18.7.23

Princípio geral da invisibilidade

Bryan Ferry, “Song to the Siren”, in https://www.youtube.com/watch?v=xLAsF8rMAJA

Na secretaria da escola, aguardo por vez. Os gémeos à minha frente tiram dúvidas burocráticas (começam o tirocínio para a grande nau a que vão ser aprisionados, não tarda muito). Duas adolescentes espevitadas saem do nada e chegam-se ao balcão de atendimento, pondo-se ao lado dos gémeos e à minha frente. São atendidas antes de mim.

Intuo uma leve impressão de invisibilidade e agrada-me. Fui invisível para as adolescentes que, a meio de um arsenal imparável de “tipo” entre cada duas palavras, e atrapalhadas com o idioma que mais se assemelha a um espinho cravado na vista, se fazem atender pela funcionária da secretaria, saltando por cima de mim. Também fui invisível para a funcionária da secretaria, que só podia ignorar a minha presença se fosse míope ou eu tão invisível que não deu pela minha presença.

Não quero considerar a hipótese de no lugar grassar a incivilidade geral. Não se dirá de uma escola – e menos ainda de uma escola que não quer os pergaminhos escoltados pela infâmia – ser um lugar de incivilidade, ou a escola estará a passar ao lado de uma das suas missões e não pode atestar os pergaminhos que a si mesma avoca. 

Respondidas as perguntas das adolescentes, desmobilizam às arrecuas, quase me atropelando com os quadris. Uma professora do lado de lá do guichet tem uma chamada de atenção preparada: “meninas, cuidado com o senhor aí atrás”. O “senhor” era eu, ainda não convencido de que o tempo (também) passa por mim, sempre a achar o tratamento (“senhor”) um corpo estranho; quando alguém diz “o senhor”, olho nas imediações para me certificar quem é o senhor que está a ser demandado. 

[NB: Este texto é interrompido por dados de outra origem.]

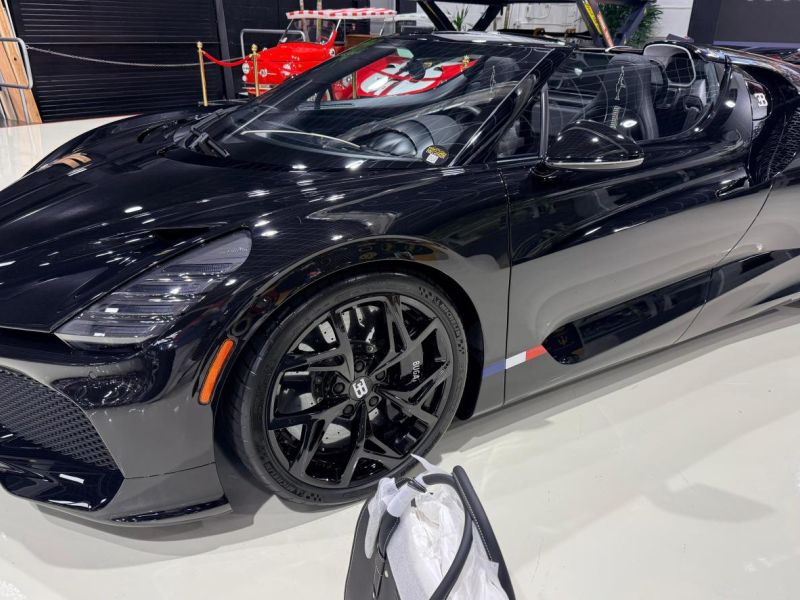 Buy 2026 Bugatti  Mistral DPO-1008479 in USA, UAE, EUROPE, MONACO, UKRAINE, photo 2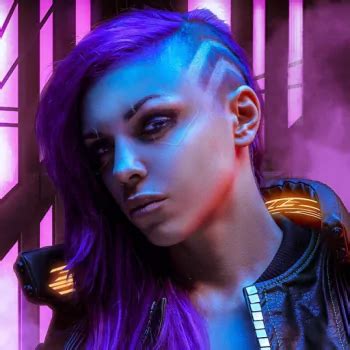 V Cyberpunk 2077 Desktop Wallpapers Phone Wallpaper Pfp S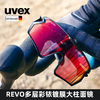 德国uvex sportstyle 骑行跑步防护镜 太阳镜 231 Revo 彩铱多层镀膜 商品缩略图10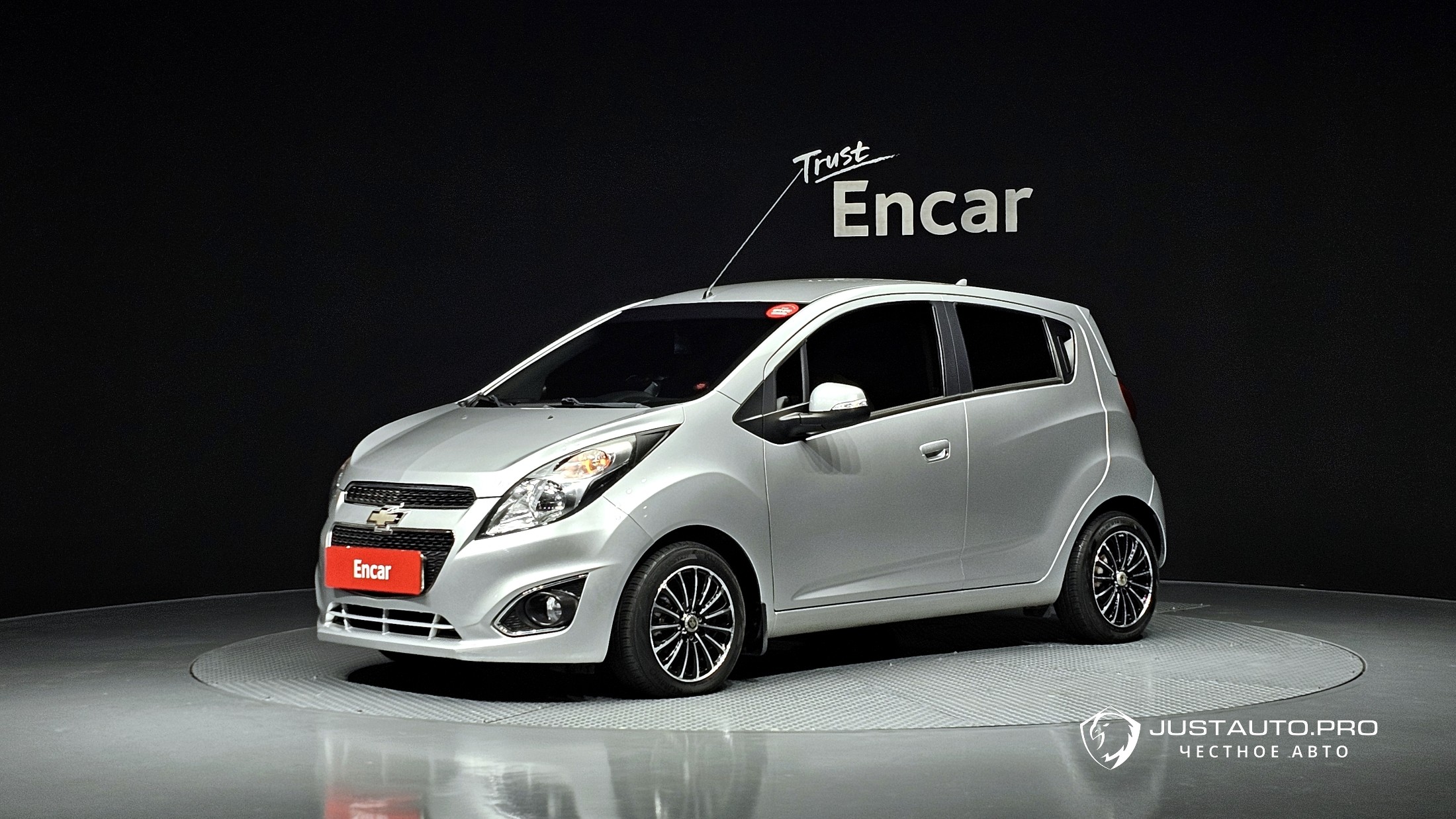 Автомобиль ChevroletGMDaewoo Spark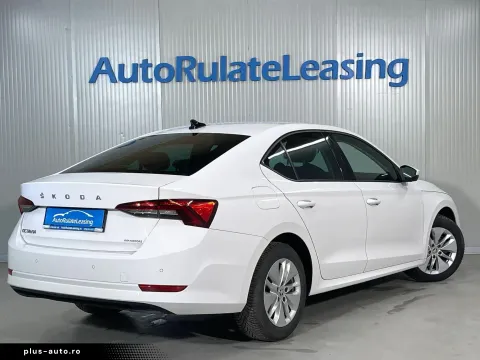 Skoda Octavia — poza 3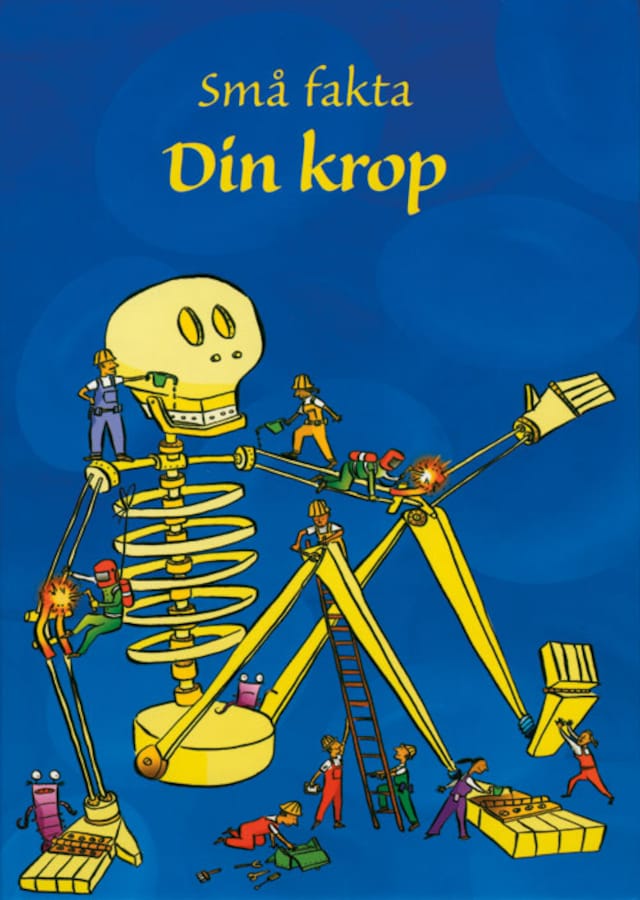Book cover for Din krop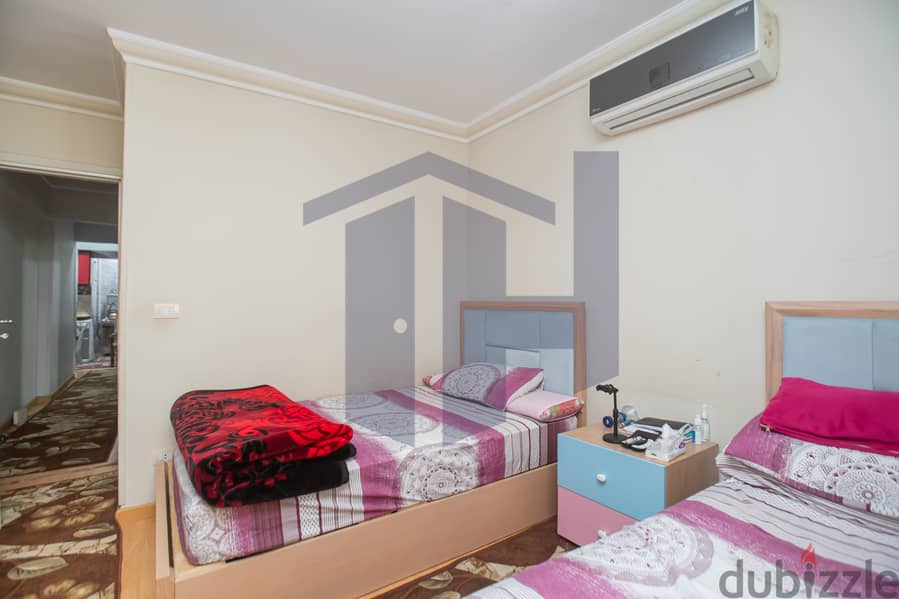 Apartment for sale, 125 m, Safi Smouha (Kamal El Din Salah St. ) 8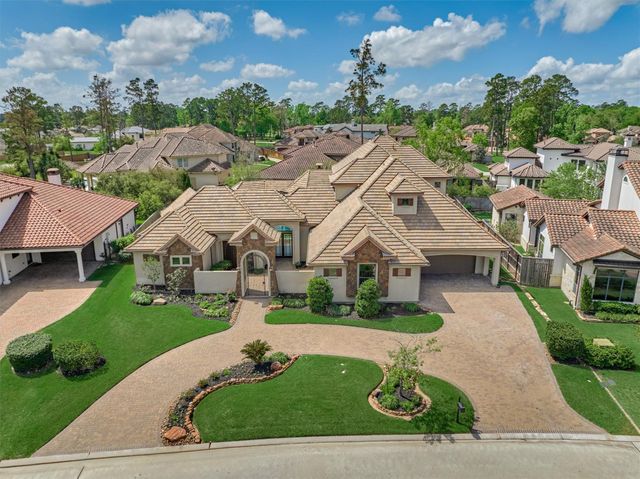25 Post Shadow Estate Drive, Spring, TX 77389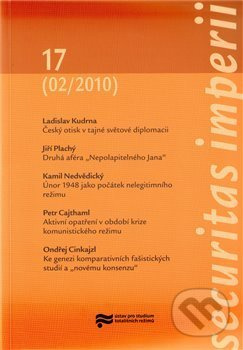 Securitas Imperii 17 (2/2010)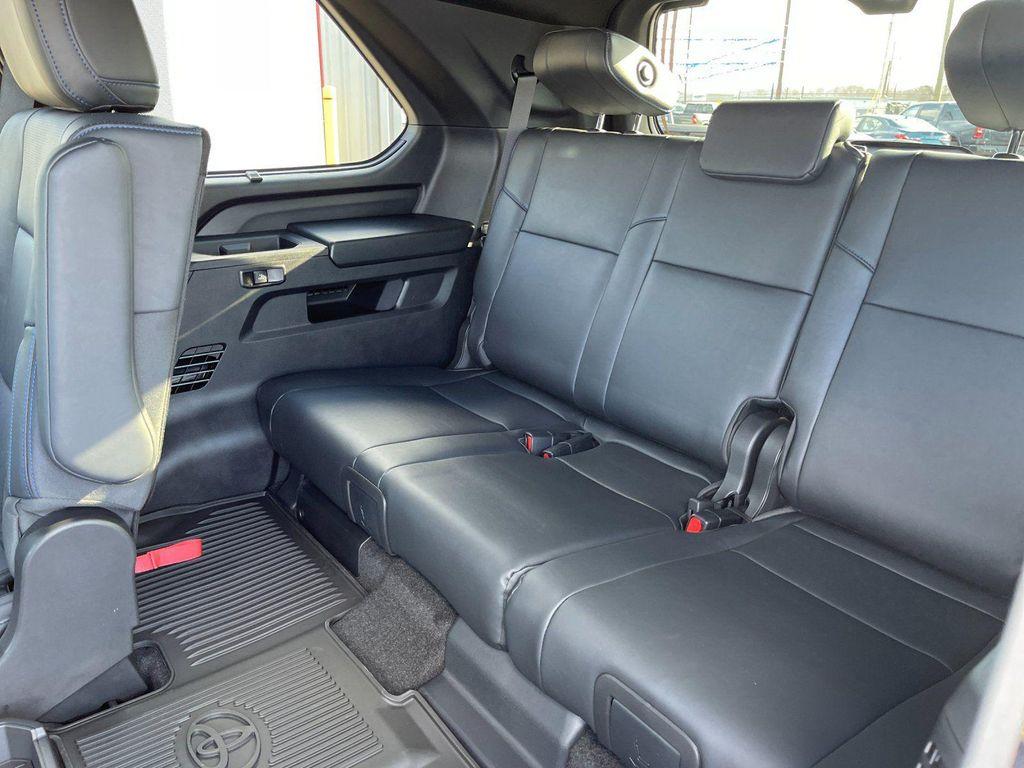 new 2026 Toyota Sequoia car, priced at $82,284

(Ele há tanto tempo que ninguém me chama “menino”...)

Alguém não precisava de óculos na escola, pela primeira vez em cinco minutos. Ruiu o manto de invisibilidade, para desfortuna minha (que adoro esse deus, a invisibilidade). Como às vezes não consigo reprimir uma dose de estupidez interna, fiz um reparo à professora: “não se incomode, as meninas passaram à minha frente porque não me viram, é compreensível que quase me tivessem atropelado às arrecuas”, entrando em auto-negação do estatuto de invisibilidade que tanto jeito dá. E as adolescentes, acabrunhadas, sem saberem onde se meter, esboçaram um tímido pedido de desculpa, instadas pelo ar de reprovação disfarçada da professora, sem meterem um “tipo” pelo meio do pedido. 

Afinal, não era má educação. Sosseguei-me: não era má educação, era apenas a minha propensão para a invisibilidade, esse capital que tanto estimo. E a escola continuava com os pergaminhos intactos, que não era cúmplice de gestos de incivilidade.